When doing taxes, there are a ton of ways to get around reporting income. How can the IRS track cash transactions? Nobody will report a few items you sell online, right?

While it may be easy to hide some money from the government, there can be serious repercussions. If caught, it could cost you a lot more in the long-term. (See also: Top 10 Red Flags That Trigger IRS Audits)

So if you're one of those trustworthy folks and are trying to file your taxes properly, you should be aware of which income you have to report.

Ready to learn what you need to include as income on your taxes? The questions will get increasingly harder, but I think you will catch on fairly quickly.

1. I just received a W-2 from work. It lists all my earnings for the year. Do I have to report this income?

Definitely! Your employer sends one copy to you and sends another one to the IRS. If the amount of income from your employer that you report doesn't line up with the amount your employer reports, it will raise a red flag and you will be more likely to be audited.

2. I made about $6 in one of my savings accounts this year. I also made another $7 in a separate account. Do I have to report this income?

If you earned over $10 in a bank account, you will likely be issued a 1099-INT. However, even if you aren't issued a tax form, you are still responsible for reporting it, no matter how small. You still earned it and are therefore responsible for reporting the income.

3. I just sold a watch on eBay. They took fees out. Do I have to report this income?

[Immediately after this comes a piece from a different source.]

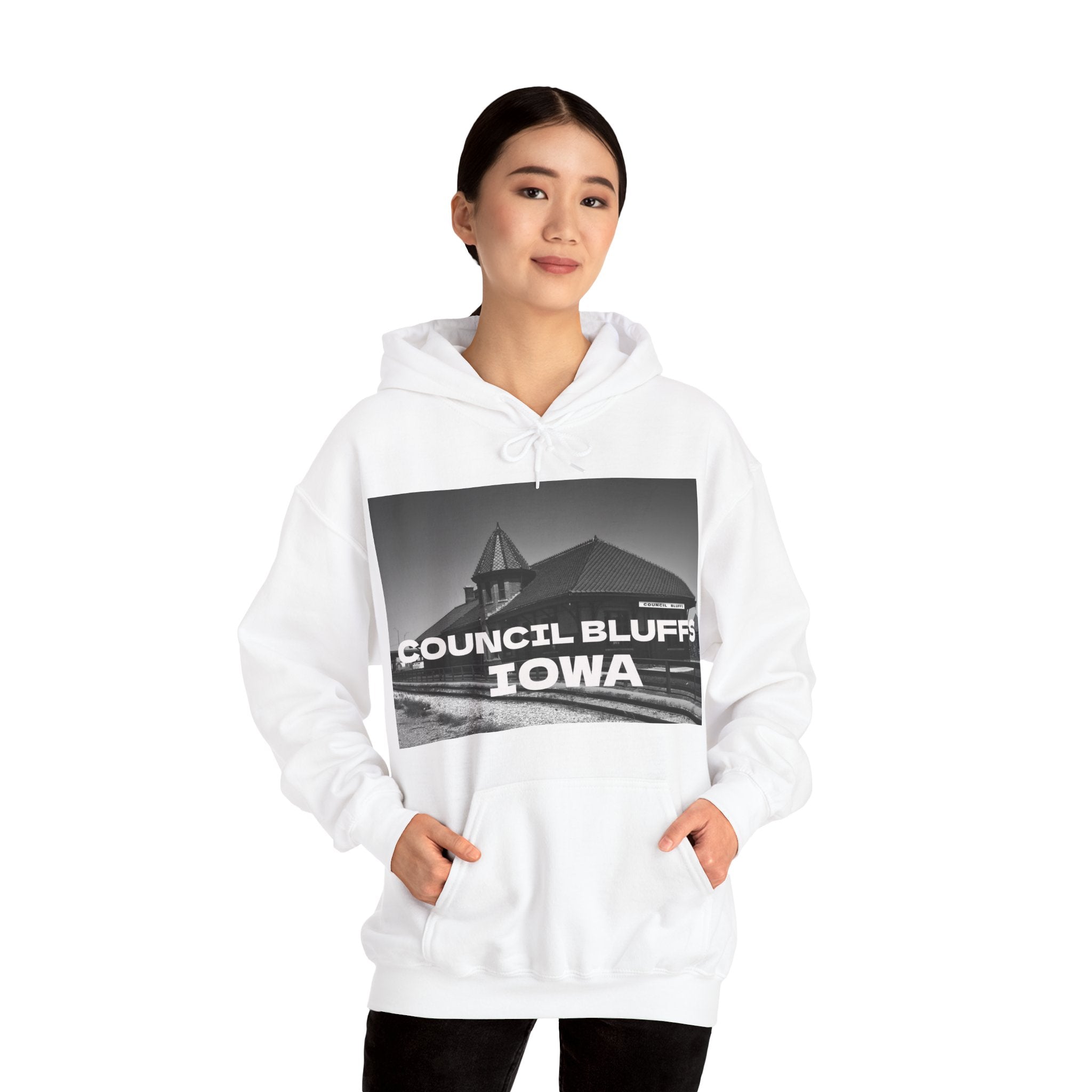 Viringee Council Bluffs Iowa Unisex Hoodie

While these transactions are a good way to earn some extra cash, you are still earning some income in the process, so you technically have to report it. The fees that eBay takes out are fees for using their service and have nothing to do with taxes.

4. I love my tutoring job; I get paid in cash! Do I have to report this income?

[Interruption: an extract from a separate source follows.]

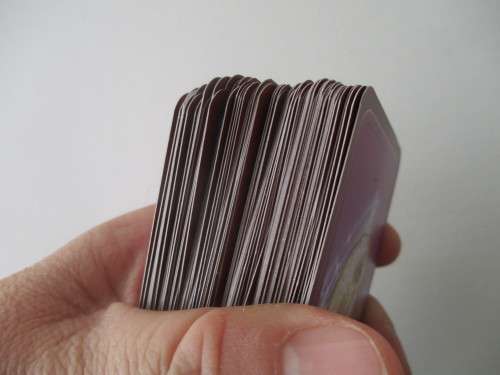 WARNER BROTHERS - HARRY POTTER CARDS DECK LOT OF MORE THAN 60 CARDS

With no W-2 or 1099, there's no paper trail and that means you can just pocket the cash, right? Wrong! You are responsible for keeping your own records. In fact, you may need to make estimated quarterly tax payments! Suddenly, no paper trail really means more responsibility for you!

5. Yay! I just won a prize on a blog! Just a small gift card, but I'm super pumped! Do I have to report this income?

Congrats on your luck, but guess what? You have to count the value of the prize as income. So while you definitely come out ahead, you still have to pay taxes on that gift card. if it's a big prize, you may want to set aside some cash because you'll likely owe the government money come tax time.

By now, I'm sure you've caught on that you need to report all income you earn in any form. Hopefully I've hit on a few situations that most people don't consider, and now you'll be better prepared when filing your taxes in the coming weeks. Good luck!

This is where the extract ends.